A. Examen antérieur du cas

A. Examen antérieur du cas
  1. 563. A sa réunion précédente, le comité a formulé les recommandations suivantes [voir 383e rapport, paragr. 504]:
    • a) Le comité prie le gouvernement de le tenir informé du résultat de l’enquête actuellement en cours sur l’assassinat des dirigeants syndicaux Ruben Snell Soberón Estela et Miguel Díaz Medina.
    • b) Le comité prie le gouvernement de veiller à ce que de nouvelles enquêtes soient menées en vue d’identifier les auteurs matériels et les instigateurs de l’assassinat du dirigeant syndical Guillermo Alonso Yacila Ubillus et de veiller en outre à ce que les coupables soient sévèrement punis. Le comité prie le gouvernement de le tenir informé à cet égard.
    • c) Le comité prie le gouvernement de le tenir informé dans les plus brefs délais de l’avancement des procédures pénales relatives à l’assassinat des membres des syndicats Rodolfo Alfredo Mestanza Poma et Luis Esteban Luyo Vicente.
    • d) Le comité exhorte le gouvernement à prendre toutes les mesures en son pouvoir pour que le ministère public conduise dès que possible une enquête exhaustive sur les raisons et les auteurs des violences dans le secteur de la construction, afin que toutes les actions pénales requises puissent être engagées sur la base des conclusions auxquelles aboutira l’enquête.

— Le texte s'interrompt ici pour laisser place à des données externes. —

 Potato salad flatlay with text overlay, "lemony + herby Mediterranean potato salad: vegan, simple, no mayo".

    • e) Soulignant que la problématique de la violence dans le secteur de la construction civile et les actions mises en œuvre pour l’éradiquer doivent être analysées dans le cadre du dialogue social, le comité prie à nouveau le gouvernement de le tenir informé des actions mises en œuvre pour instaurer la confiance entre les parties et promouvoir le dialogue tripartite.
    • f) Le comité attire à nouveau spécialement l’attention du Conseil d’administration sur le caractère extrêmement grave et urgent du présent cas.

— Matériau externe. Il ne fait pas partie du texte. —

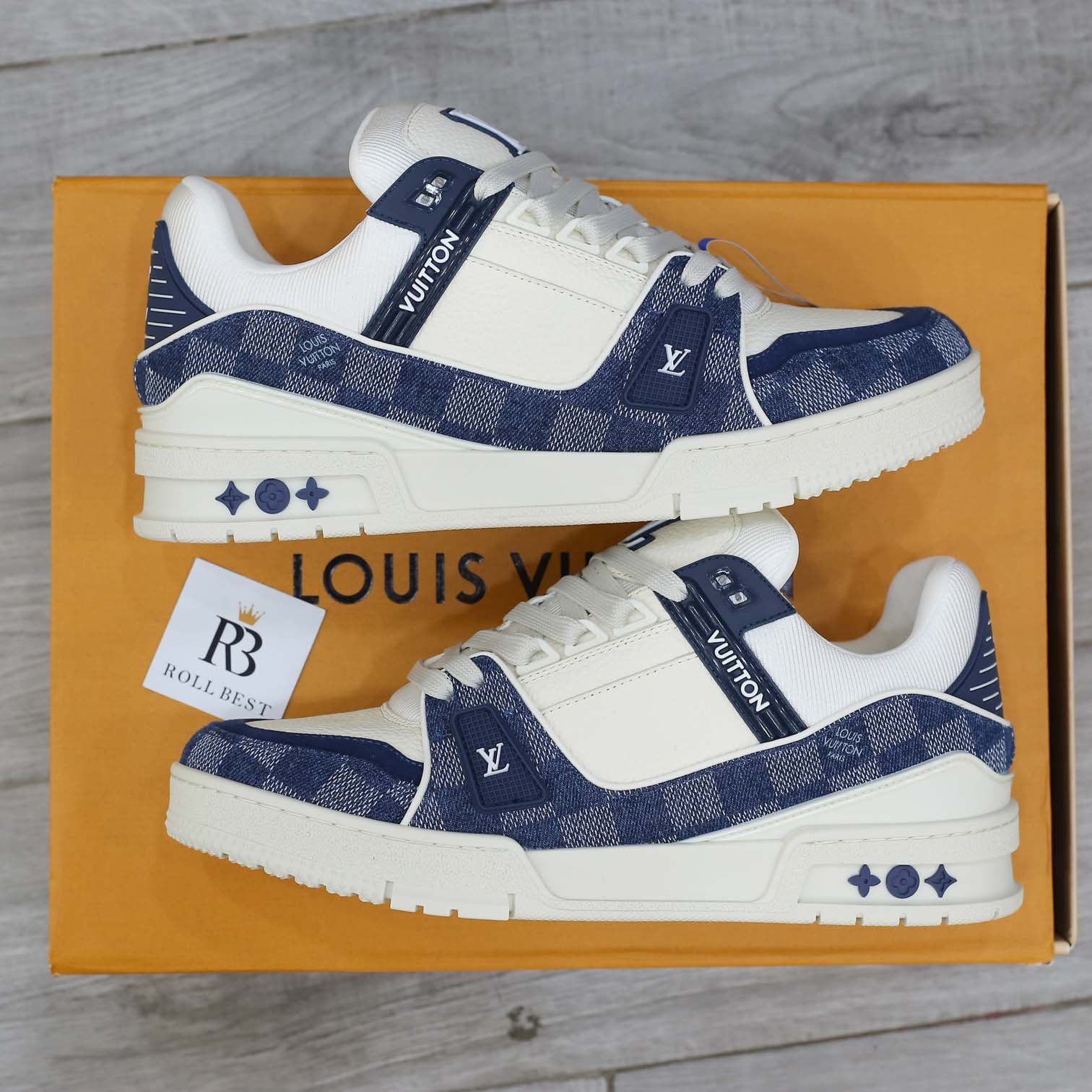 Giày Louis Vuitton LV Trainer Damier Denim Blue Best Quality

B. Réponse du gouvernement

B. Réponse du gouvernement
  1. 564. Dans ses communications des 26 juin, 9 août et 5 septembre 2018, le gouvernement fournit des informations actualisées du ministère public sur l’état d’avancement des enquêtes menées sur l’assassinat de plusieurs dirigeants et membres syndicaux dans le secteur de la construction civile. Le gouvernement rend également compte des travaux actuellement menés par l’Observatoire du ministère public sur la criminalité ainsi que des actions menées pour promouvoir le dialogue tripartite sur le problème de la violence dans le secteur de la construction civile.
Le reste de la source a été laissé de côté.